As official supplier of audiovisual equipment such as ASTROVISION, Panasonic supported the Olympic Games Atlanta 1996 that commemorated the centennial of the modern Olympic Games. Moreover, as the first Japanese corporation to become the prime contractor to the Olympic host broadcasting system, Panasonic took on a major and unfamiliar undertaking: design, build-out, and maintenance of the IBC (International Broadcast Centre), known as “the world's largest broadcasting station.” Panasonic staff commenced discussions in Atlanta two years ahead of the Games, in order to design a system for transmission of high-quality footage under all conditions, and select locally-available equipment.
The Opening Ceremony, the Highlight of Olympic Games Broadcasting
Even for Panasonic staff who had a wealth of Olympic Games experience, the Olympic Games Atlanta 1996 presented a series of challenges. As negotiations progressed and proposals were realized, Panasonic deepened their relationship with the local broadcasting staff. Eventually, Panasonic staff started to overhear repeated concerns: “Can Panasonic pull off the Opening Ceremony?”
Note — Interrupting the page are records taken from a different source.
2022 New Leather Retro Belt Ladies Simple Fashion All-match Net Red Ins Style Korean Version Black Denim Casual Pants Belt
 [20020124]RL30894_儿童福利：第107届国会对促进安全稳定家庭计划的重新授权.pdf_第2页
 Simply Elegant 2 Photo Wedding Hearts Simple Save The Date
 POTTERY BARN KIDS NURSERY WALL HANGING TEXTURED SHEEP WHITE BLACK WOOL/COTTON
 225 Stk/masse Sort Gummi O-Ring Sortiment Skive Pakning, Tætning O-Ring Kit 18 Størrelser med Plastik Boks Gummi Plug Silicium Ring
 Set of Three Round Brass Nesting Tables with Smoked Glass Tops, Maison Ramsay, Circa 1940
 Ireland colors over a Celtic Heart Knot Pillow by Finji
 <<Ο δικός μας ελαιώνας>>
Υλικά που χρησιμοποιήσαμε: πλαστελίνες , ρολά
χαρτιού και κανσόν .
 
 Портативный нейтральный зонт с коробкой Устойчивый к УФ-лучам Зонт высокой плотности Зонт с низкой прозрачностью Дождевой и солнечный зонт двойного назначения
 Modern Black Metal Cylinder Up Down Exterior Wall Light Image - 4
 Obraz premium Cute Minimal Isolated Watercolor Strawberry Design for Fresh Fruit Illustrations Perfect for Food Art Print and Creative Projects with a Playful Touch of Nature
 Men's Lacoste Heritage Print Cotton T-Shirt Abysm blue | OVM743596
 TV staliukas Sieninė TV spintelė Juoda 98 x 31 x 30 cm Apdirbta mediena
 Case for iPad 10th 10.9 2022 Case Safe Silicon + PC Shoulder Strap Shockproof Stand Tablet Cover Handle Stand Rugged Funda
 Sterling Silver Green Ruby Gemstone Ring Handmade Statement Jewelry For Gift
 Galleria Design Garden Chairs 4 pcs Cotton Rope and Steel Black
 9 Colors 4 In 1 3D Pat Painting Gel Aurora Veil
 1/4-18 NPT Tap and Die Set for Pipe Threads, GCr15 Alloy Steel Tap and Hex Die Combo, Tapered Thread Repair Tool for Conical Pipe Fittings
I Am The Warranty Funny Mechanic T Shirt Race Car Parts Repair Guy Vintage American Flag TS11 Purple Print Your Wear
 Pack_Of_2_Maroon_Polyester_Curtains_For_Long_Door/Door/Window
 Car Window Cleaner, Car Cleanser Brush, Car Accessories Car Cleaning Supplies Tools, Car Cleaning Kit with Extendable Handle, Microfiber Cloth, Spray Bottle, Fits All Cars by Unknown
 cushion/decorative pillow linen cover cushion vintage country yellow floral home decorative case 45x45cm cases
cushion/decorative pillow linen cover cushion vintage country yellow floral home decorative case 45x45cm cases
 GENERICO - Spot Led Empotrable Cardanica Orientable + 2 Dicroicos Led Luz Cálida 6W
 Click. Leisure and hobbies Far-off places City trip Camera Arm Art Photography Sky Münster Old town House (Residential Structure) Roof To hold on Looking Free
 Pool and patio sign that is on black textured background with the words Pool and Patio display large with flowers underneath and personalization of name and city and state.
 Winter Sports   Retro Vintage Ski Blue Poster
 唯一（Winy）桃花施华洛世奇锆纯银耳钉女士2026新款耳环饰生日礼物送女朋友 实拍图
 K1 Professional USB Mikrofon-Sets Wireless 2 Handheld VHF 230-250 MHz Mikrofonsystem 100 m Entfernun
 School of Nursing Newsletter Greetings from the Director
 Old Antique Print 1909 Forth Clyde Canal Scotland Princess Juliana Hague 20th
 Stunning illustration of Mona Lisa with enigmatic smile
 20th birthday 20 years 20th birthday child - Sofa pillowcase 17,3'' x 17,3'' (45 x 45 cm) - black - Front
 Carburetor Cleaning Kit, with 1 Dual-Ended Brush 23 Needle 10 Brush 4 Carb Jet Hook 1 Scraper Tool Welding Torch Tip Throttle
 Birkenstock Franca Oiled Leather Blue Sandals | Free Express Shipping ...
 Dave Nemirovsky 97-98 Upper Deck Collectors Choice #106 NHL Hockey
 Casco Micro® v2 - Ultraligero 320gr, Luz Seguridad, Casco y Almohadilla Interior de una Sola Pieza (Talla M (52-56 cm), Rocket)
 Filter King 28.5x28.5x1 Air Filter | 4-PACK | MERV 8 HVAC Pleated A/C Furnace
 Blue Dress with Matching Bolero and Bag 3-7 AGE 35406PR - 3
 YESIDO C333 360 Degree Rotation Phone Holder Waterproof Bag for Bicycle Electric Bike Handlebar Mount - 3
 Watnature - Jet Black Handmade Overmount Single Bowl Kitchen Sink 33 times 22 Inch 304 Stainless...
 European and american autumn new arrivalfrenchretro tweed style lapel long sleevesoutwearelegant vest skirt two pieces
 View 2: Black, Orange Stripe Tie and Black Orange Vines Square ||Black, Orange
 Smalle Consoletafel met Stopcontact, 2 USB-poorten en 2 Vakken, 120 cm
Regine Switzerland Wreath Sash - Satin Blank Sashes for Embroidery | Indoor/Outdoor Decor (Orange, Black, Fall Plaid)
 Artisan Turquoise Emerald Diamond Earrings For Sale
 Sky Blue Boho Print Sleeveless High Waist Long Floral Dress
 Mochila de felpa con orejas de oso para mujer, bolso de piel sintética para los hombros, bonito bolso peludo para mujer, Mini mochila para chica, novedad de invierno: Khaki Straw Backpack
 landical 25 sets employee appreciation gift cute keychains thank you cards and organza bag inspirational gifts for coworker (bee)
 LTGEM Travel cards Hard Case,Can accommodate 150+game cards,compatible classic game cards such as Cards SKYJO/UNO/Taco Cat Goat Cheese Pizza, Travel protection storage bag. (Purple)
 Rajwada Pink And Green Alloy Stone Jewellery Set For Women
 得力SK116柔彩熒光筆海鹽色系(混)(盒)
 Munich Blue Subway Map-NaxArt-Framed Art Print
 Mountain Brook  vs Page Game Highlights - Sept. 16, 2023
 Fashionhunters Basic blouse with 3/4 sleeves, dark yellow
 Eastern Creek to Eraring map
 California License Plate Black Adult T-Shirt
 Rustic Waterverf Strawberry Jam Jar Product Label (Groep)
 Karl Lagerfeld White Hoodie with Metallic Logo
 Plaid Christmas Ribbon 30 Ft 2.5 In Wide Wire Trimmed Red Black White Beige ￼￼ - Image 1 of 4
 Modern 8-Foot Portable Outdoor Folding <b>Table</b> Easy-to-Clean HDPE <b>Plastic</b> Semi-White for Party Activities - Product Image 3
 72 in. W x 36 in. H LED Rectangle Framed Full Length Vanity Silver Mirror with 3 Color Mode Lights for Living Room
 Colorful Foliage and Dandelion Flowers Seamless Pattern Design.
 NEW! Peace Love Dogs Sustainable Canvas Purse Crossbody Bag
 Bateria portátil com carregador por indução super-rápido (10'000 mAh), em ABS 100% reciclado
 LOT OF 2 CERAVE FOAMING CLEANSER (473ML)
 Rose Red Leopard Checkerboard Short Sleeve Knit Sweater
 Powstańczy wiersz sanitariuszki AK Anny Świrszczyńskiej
Throughout the Games, competitions are held somewhere everyday. For these, even if the event broadcast is cut off, the mishap can be remedied with on-site backup tapes or cutting to another event. However, the Opening Ceremony at the start of the Games is the only event happening at that particular time and place.
On the day of the Opening Ceremony, the giant ASTROVISION in the Olympic Stadium vividly displayed the opening scene of the commemorative event. The event reached a climax in front of a massive stadium crowd of 83,000 and 3.5 billion TV viewers across 214 countries and regions.
A Production Worthy of the Centennial Olympic Games
In the dimly lit stadium, a white screen emerged, made up of 9,100 people holding up white poster boards. Projected there was the Lincoln Memorial speech given by Reverend Dr. Martin Luther King Jr., the Atlanta-born black leader. King's voice echoed quietly but clearly through the stadium, resounding America's most famous and historic speech, “I Have a Dream.” This message, aimed at posterity, was worthy of marking the centennial of the Olympic Games, as well it represented the feelings of the Panasonic staff who overcame various challenges to bring the Games to fruition.